Exercise description
Your answer must be the exact lines below, starting with the line with "WERNER D1520-2 Extension" and going on through the line with "VECELO Corner Desk", both included, with no pictures.
++++++++++
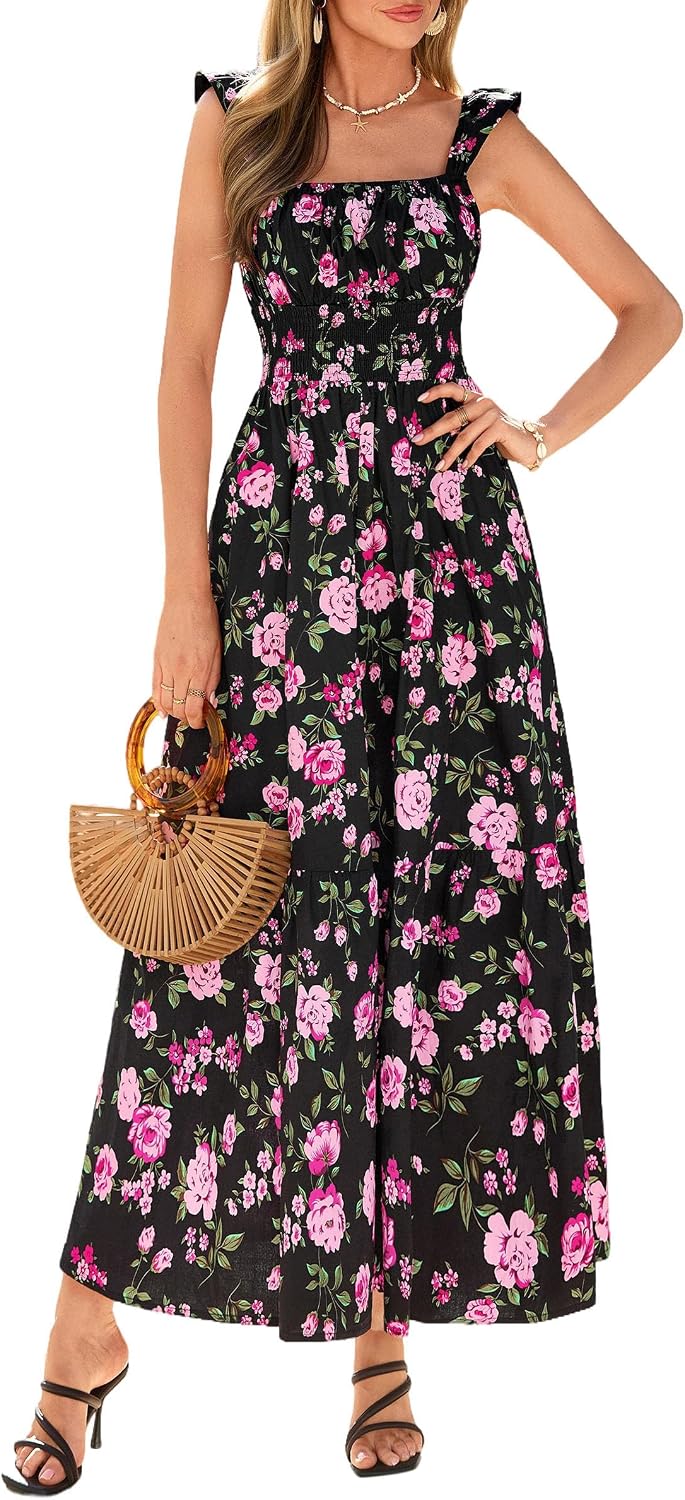 PRETTYGARDEN Women Boho Floral Maxi Sundresses | Square Neck A Line, Ruffle Straps, Smocked Pocket Dress, Flowy Spring Summer Outfit for Wedding Guest, Beach Vacation, Party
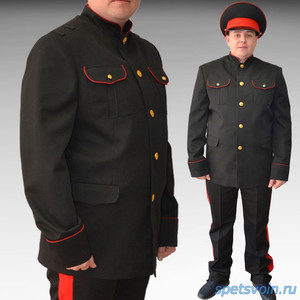 Костюм парадный для кадетов КАЗАКОВ курсантов Россия черный отделка ц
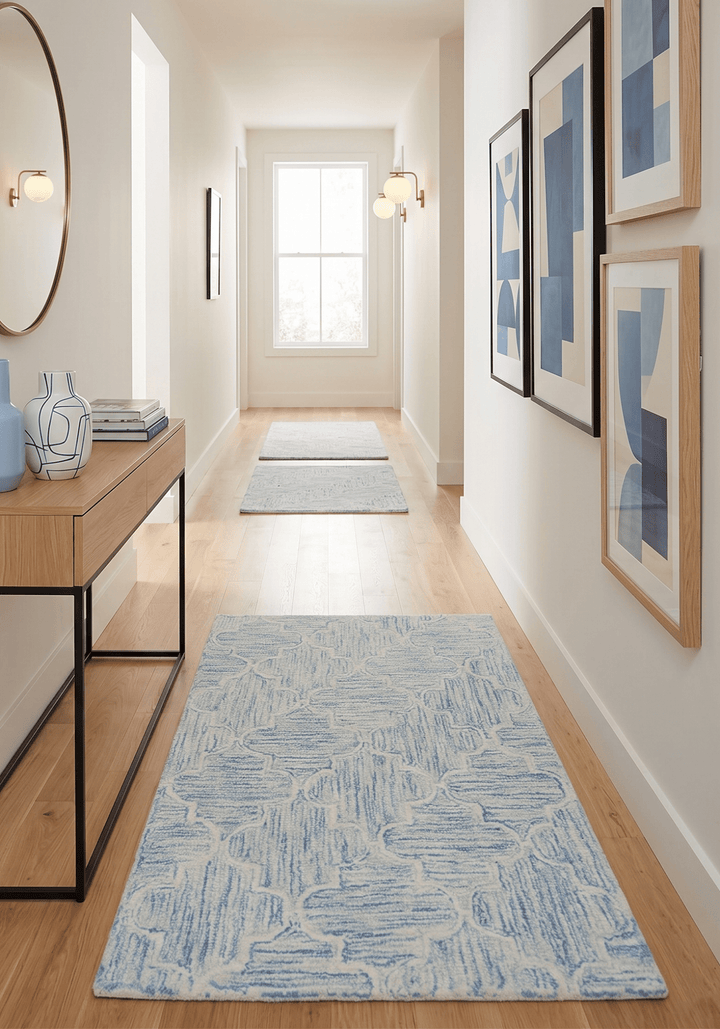 Custom Made Ivory and Blue Modern Geometric Hand Tufted Natural Wool Area Rug - The Rug Decor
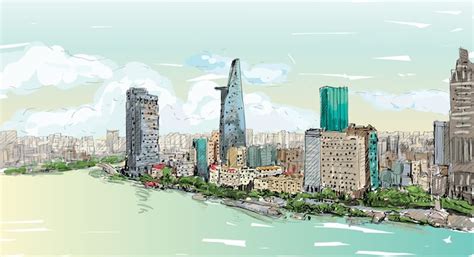 Premium Vector Sketch Cityscape Of Saigon City Ho Chi Mihn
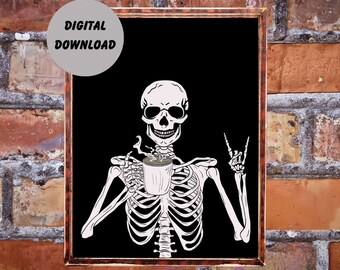Skeleton Drinking Coffee | Skeleton Coffee | Skeleton Peace | Halloween Digital Download | Printable Decor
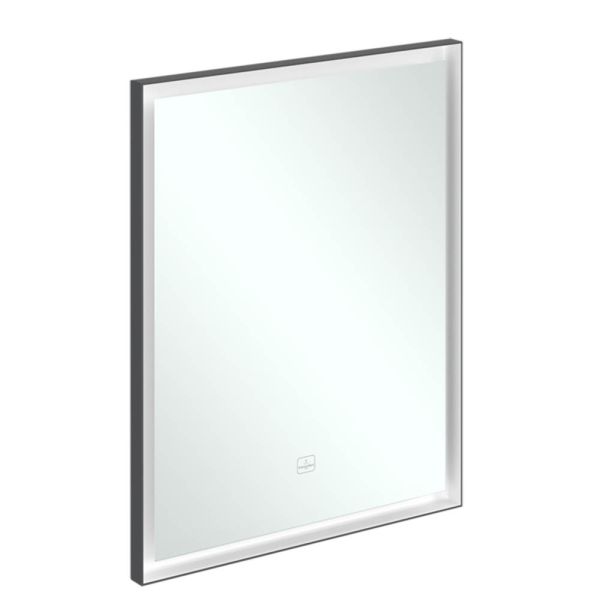 Villeroy&Boch Subway 3.0 LED-Spiegel, 60x75cm, mit Sensordimmer, schwarz matt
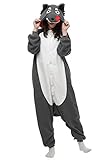 Grey Wolf Adult Animal Onesie One-Piece Pajamas Cosplay Costume Halloween for Women and Men（Small）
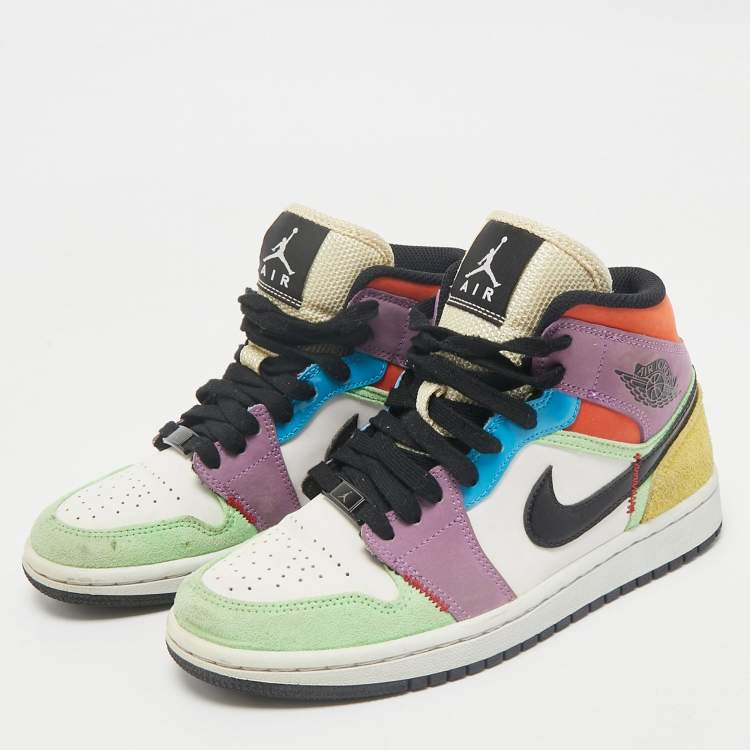 Pre Owned Air Jordan Multicolor Leather and Suede Jordan 1 Mid SE Lightblub Sneakers Size 36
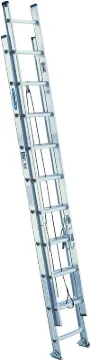 WERNER D1520-2 Extension Ladder, 20 ft H Reach, 300 lb, Aluminum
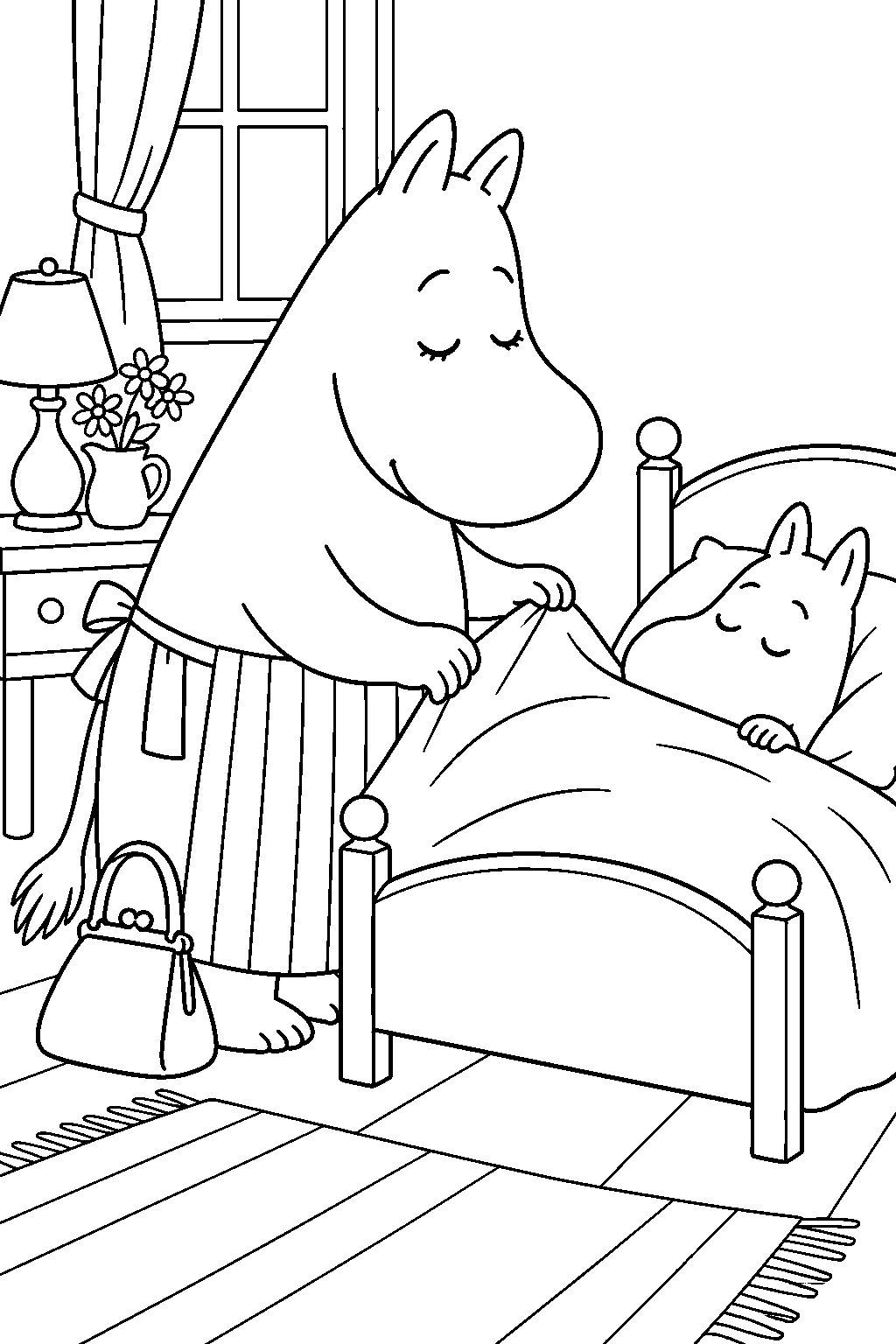 moominmamma tucking moomintroll into bed in the moominhouse line art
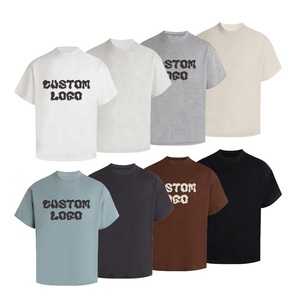 Cuello redondo de alta calidad Streetwear de lujo para hombres logotipo gráfico personalizado estampado Boxy Fit Heavyweight 100% algodón camiseta recortada de gran tamaño - Product Image 4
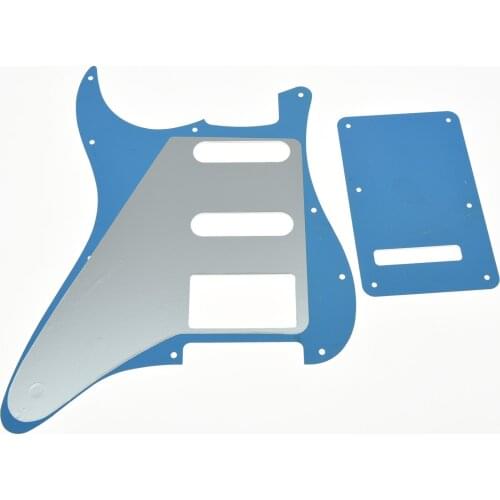 Silver Mirror HSS ST Style Guitar Pickguard Scratch Plate Back Plate Set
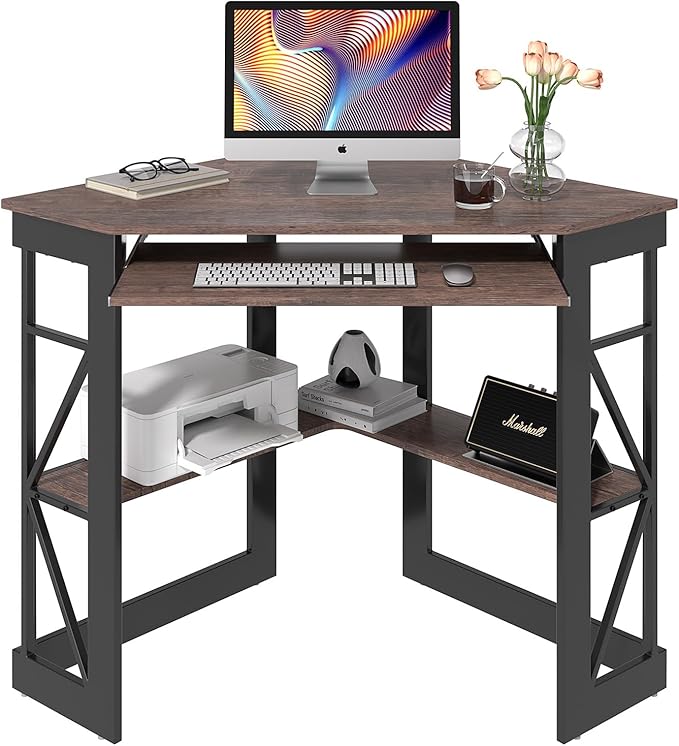 VECELO Corner Desk Computer Desk Writing Table with Smooth Keyboard Tray&ampStorage Shelves for Small Spaces/Compact Home Office Triangle TableBrown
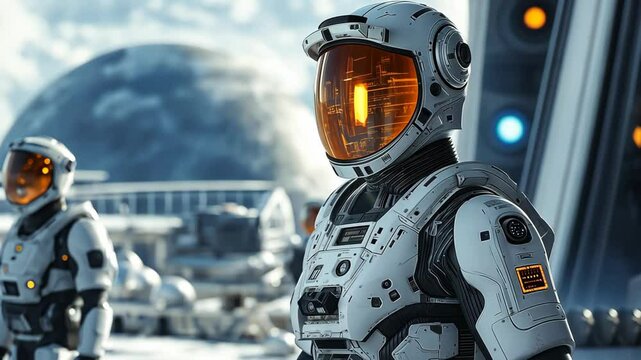 people in white futuristic space suit, space army  in otherworldly 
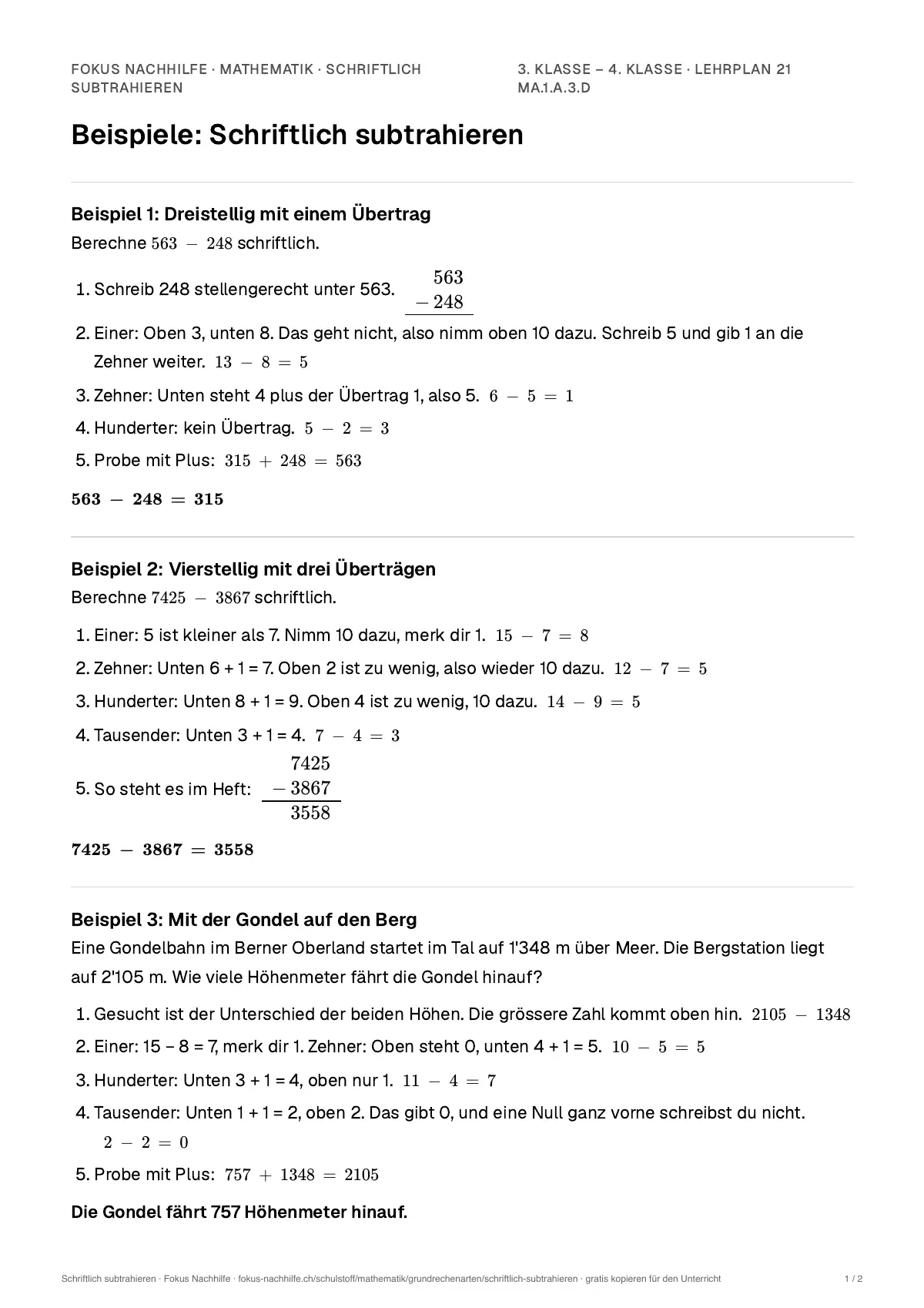 Beispiele Schriftlich subtrahieren zum Ausdrucken: erste Seite, Aufgaben Schritt für Schritt gelöst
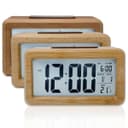mixed 24 Wecker Bambus Holzoptik Lichtsensor Schlummerfunktion Großes Display Bild 2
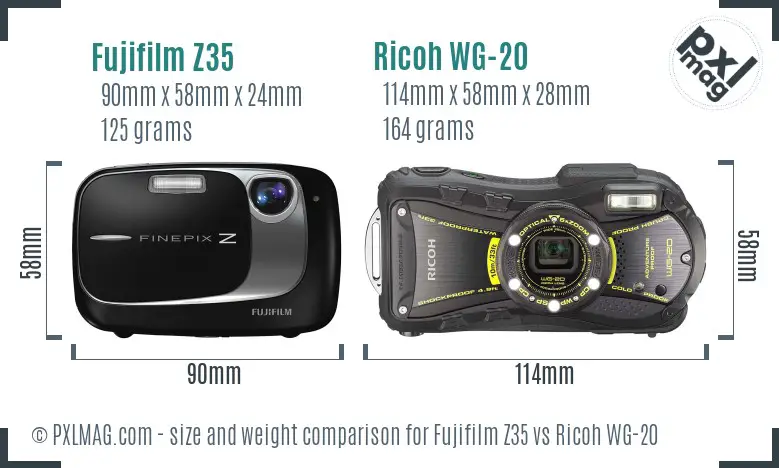 Fujifilm Z35 vs Ricoh WG-20 size comparison Fujifilm Z35 vs Ricoh WG-20 size comparison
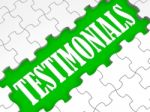 Testimonials Puzzle Showing Credentials And Recommendations Stock Photo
++++++++++
Answer for this exercise
 WERNER D1520-2 Extension Ladder, 20 ft H Reach, 300 lb, Aluminum
 moominmamma tucking moomintroll into bed in the moominhouse line art
 Cuello redondo de alta calidad Streetwear de lujo para hombres logotipo gráfico personalizado estampado Boxy Fit Heavyweight 100% algodón camiseta recortada de gran tamaño - Product Image 4
 Silver Mirror HSS ST Style Guitar Pickguard Scratch Plate Back Plate Set
 VECELO Corner Desk Computer Desk Writing Table with Smooth Keyboard Tray&ampStorage Shelves for Small Spaces/Compact Home Office Triangle TableBrown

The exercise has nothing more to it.